## Exercise data:
+++++

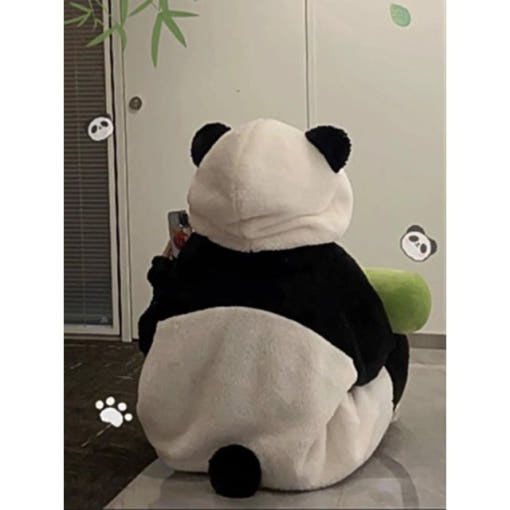 푸바오 판다 잠옷 귀여운 파자마 극세사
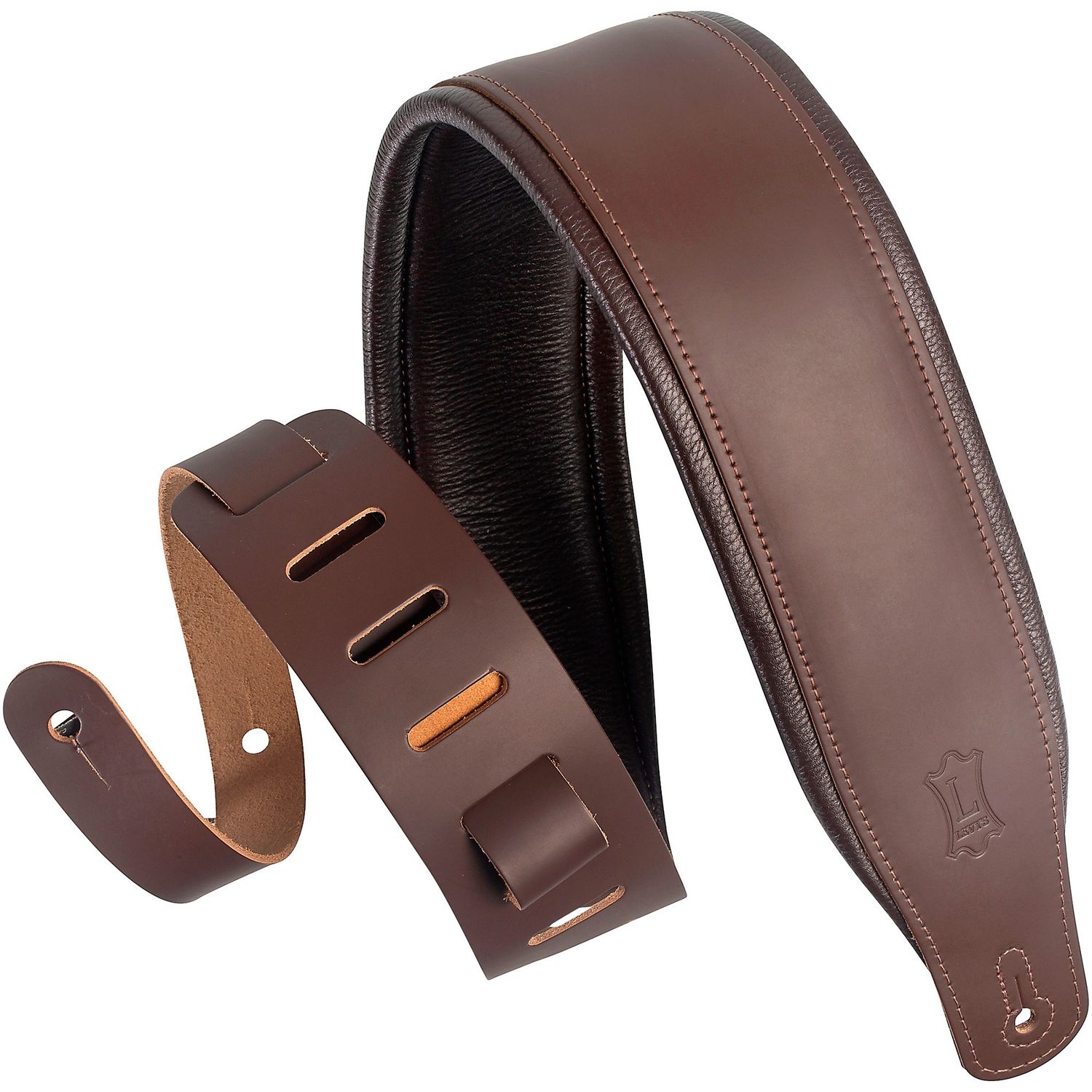 Levy's M26PD 3-inch Wide Top Grain Leather Guitar Strap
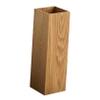 Wooden Umbrella Stand with Newspaper Tray, Freestanding Rustic Bucket view 1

+++++

## Task to carry out:
In your answer, give every line of the listing above exactly, and do not include the images.

## Task response:
 푸바오 판다 잠옷 귀여운 파자마 극세사
 Levy's M26PD 3-inch Wide Top Grain Leather Guitar Strap
 Wooden Umbrella Stand with Newspaper Tray, Freestanding Rustic Bucket view 1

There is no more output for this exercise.